Atendiendo al llamado de su corazón invitó a la muchacha a caminar un poco. Hablaron de ellos, del ritual, del adelanto del trabajo. Cuando sobraron las palabras y las estrellas lanzaron tiernos suspiros, Quirón temiendo un rechazo, se acercó a Moroní y la estrechó suavemente contra su pecho. Sintió en el temblor de la muchacha la genuina emoción de la primera vez. El olor de su pelo lo embriagaba y su piel, en ese estremecimiento tierno-intenso, provocaba en el hombre una mezcla de sentimientos nunca antes vividos. Moroní se sentía desvanecida, diminuta entre los fuertes brazos que la rodeaban. No temía, al contrario, sentía seguridad y plenitud en aquella caricia; como si en ese abrazo se fundiera la emoción de una espera postergada por siglos.

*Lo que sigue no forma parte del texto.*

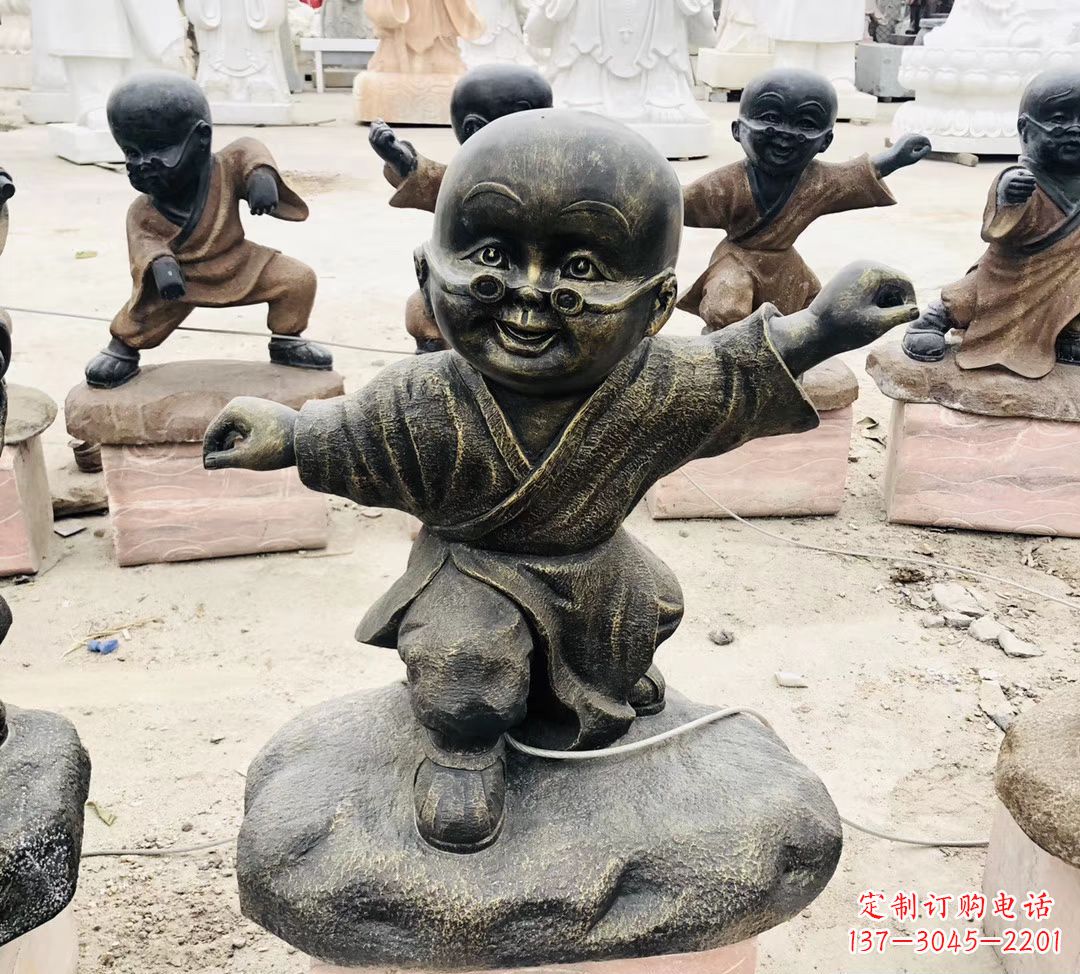 福州玻璃钢仿铜小和尚雕塑公园景观人物雕塑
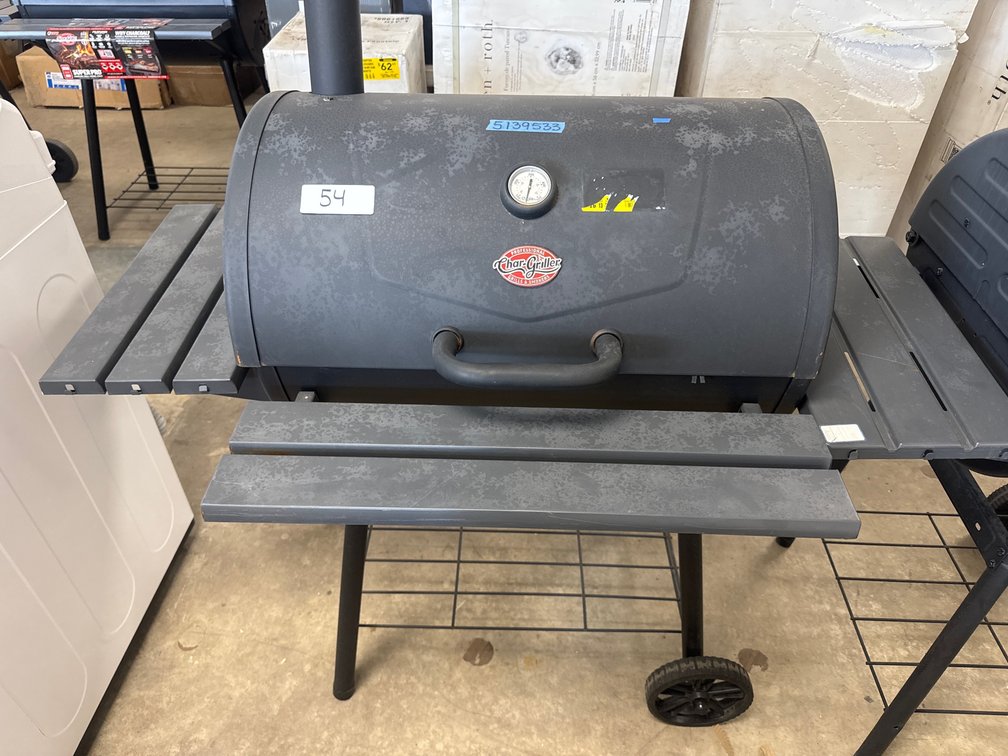 Char-Griller Super Pro Charcoal Grill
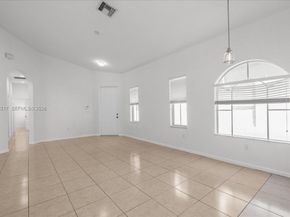 3954 NE 13th Dr, Homestead FL 33033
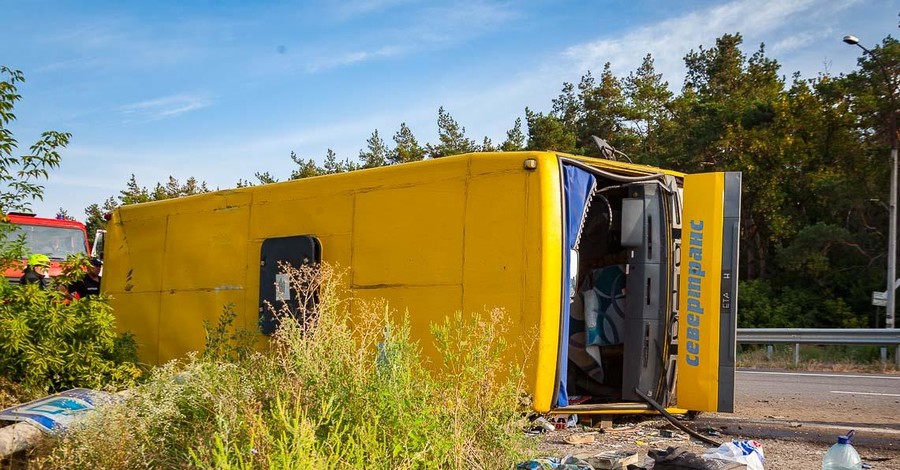 На Днепропетровщине грузовик протаранил автобус, пострадали 16 человек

El ambiente se hacía cómplice de la vehemencia con la que ellos asumían ese primer contacto de pieles. La luna sonreía y les ofrecía la brillantez de su luz para cobijar la agitación que convulsionaba dentro de sus corazones. En un tibio roce sus labios se fundieron en un beso acariciante. La ternura que brotaba como manantial del cuerpo de Moroní se convertía en un torrente que ahogaba el ser de aquel hombre. Como nunca antes, él, que había besado tanto, sentía en ese acariciante beso la armonía perfecta de sus bocas. Era como si siempre hubiera besado aquella boca, aquellos labios dulces y suaves lo aturdían y a la vez le hacían sentirse pleno.
Moroní, aunque temblando como un cervatillo, vivió con la más auténtica entrega esa primera caricia. Su boca, que nunca había besado respondía con la impetuosidad de su sangre y con la certeza de que ese era el inicio de un mágico encuentro entre lunas.